Hace suya la victoria Abascal. Y con todo el sentido. Por la afinidad al discurso de Meloni (Dios, patria y familia). Por las relaciones orgánicas entre Vox y Hermanos de Italia. Y porque la congoja de la crisis económica y el desencanto social podrían funcionarle también a él como estímulo electoral, precisamente ahora que las encuestas relativizan su fuerza en las urnas. 

El ejemplo de Italia no tiene por qué cundir en España en términos equivalentes, pero se antoja ilustrativo de la capacidad contagiosa del populismo. Lo demuestra el pavoroso avance de la extrema derecha y de la extrema izquierda en las recientes elecciones legislativas francesas. 
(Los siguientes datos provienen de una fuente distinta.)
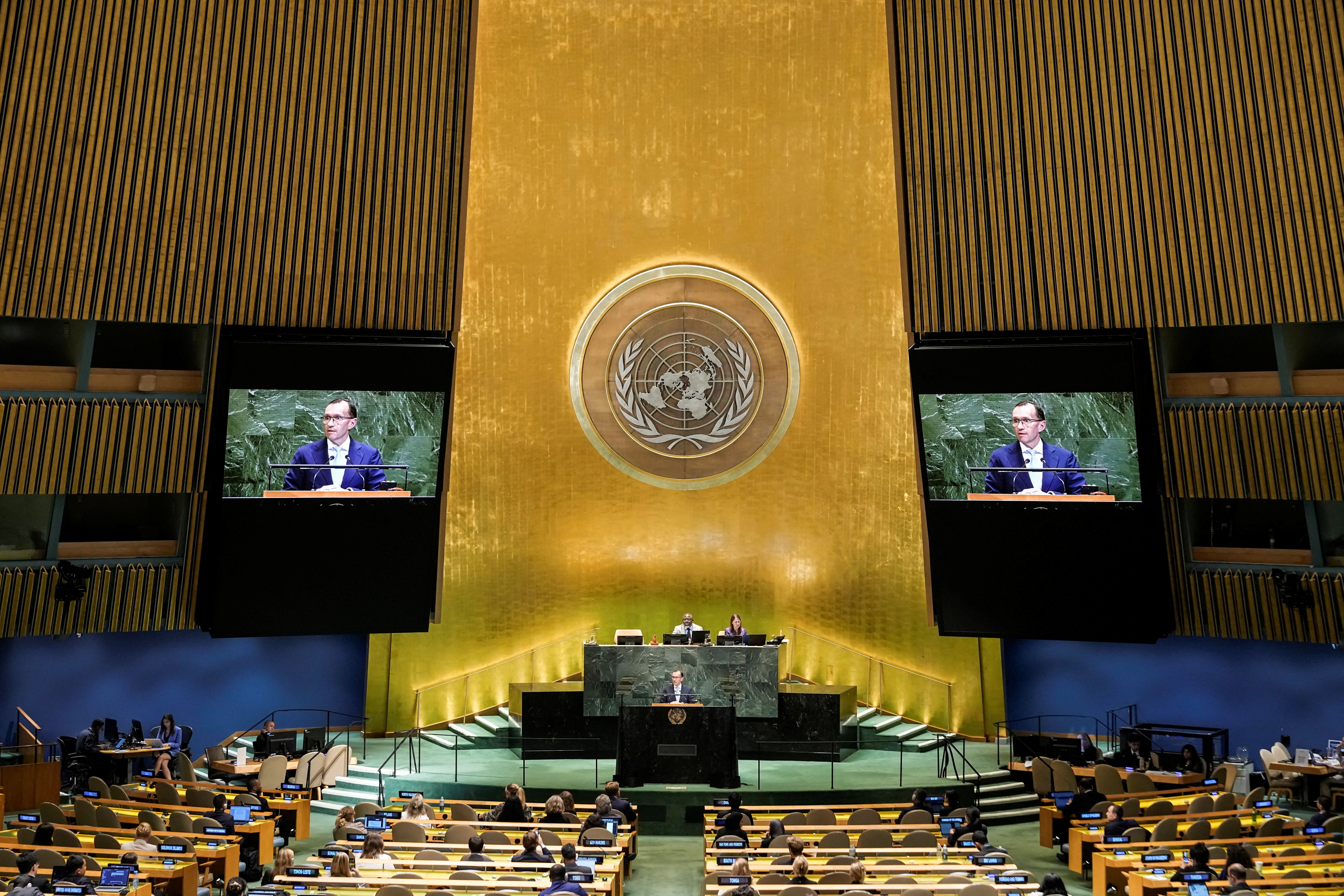 Norway's Foreign Minister Espen Barth Eide addresses the 80th United Nations General Assembly at U.N. headquarters in New York, U.S., September 25, 2025. REUTERS/Eduardo Munoz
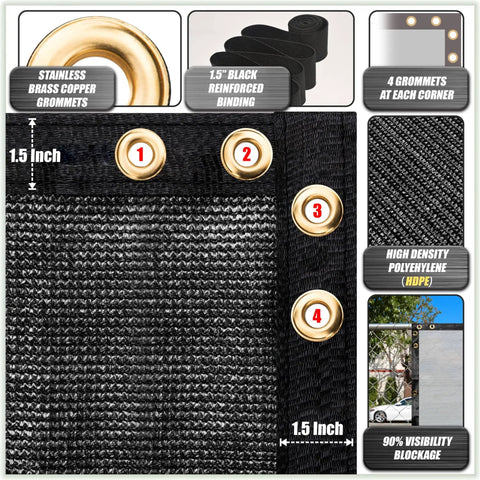 5 Foot By 50 Foot Black Fence Privacy Screen Windscreen Cover Netting Tarp Shade Cloth For Outdoor Use Commercial Grade 170 GSM Virgin HDPE UV Stabilized, showing brass grommets and reinforced binding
La aguerrida militancia de los ‘desheredados’ se añade a la pasividad de los ciudadanos que renuncian a votar. Prevalece así una doble amenaza a la democracia representativa. Porque cogen vuelo los extremismos. Y porque el rechazo a las urnas redunda en la desconfianza hacia el sistema.

Giorgia Meloni sería la primera mujer que accede a la jefatura del Gobierno. Y la menos feminista de todas. El modelo de sociedad al que aspira está claramente descrito en la verborrea de su discurso marbellí. Por esas razones, no resulta verosímil el esfuerzo de moderación con que ha pretendido atraerse a los votantes conservadores. Ha garantizado durante la campaña que no se cuestionarían las sanciones a Putin. Y ha defendido la soberanía de Ucrania, pero las conexiones entre Roma y Moscú implican una amenaza que Putin saborea con la misma euforia de Orbán. 

Estremecía la clausura de la campaña electoral en Roma. No ya por las masas que arroparon a Giorgia Meloni, sino porque además la custodiaban las dos personalidades políticas más nauseabundas de la política ‘tricolore’: la momia de Silvio Berlusconi —Forza Italia ha obtenido un resultado tan decadente como su líder— y la terminal putinista de Matteo Salvini. 

La ola de populismo ha adquirido una dimensión en Francia e Italia. Unas y otras elecciones normalizan el extremismo. Y predisponen un escenario que enfatiza el regreso de la antipolítica y que se resiente al mismo tiempo de su insolvencia. El programa político de Giorgia Meloni es indeseable e impracticable. Propaga un modelo de sociedad intolerante e inaceptable.

«Italia no se puede sustraer, pero bien saben Putin y Abascal que la brecha de Roma es la entrada secreta del infierno» 

La buena noticia acaso consiste en los mecanismos correctores. La cesión de soberanía que rige en la UE condiciona las políticas domésticas. Lo mismo puede decirse de los mercados y de las reglas internacionales. Italia no se puede sustraer ni a los unos ni a las otras, pero bien saben Putin y Abascal que la brecha de Roma es la entrada secreta del infierno. 

Para no quemarnos del todo, conviene aplicar a la angustia de las elecciones italianas dos rasgos inequívocos de la política ‘tricolore‘. Uno es el ‘coeficiente de desdramatización’, o sea, la capacidad de nuestros vecinos italianos para relativizar la gravedad de las cosas. Y el otro es el mecanismo autodestructivo que acompaña a los gobiernos italianos desde 1948 a nuestros días. El promedio está en un año y dos meses, pero los ha habido que han durado una semana.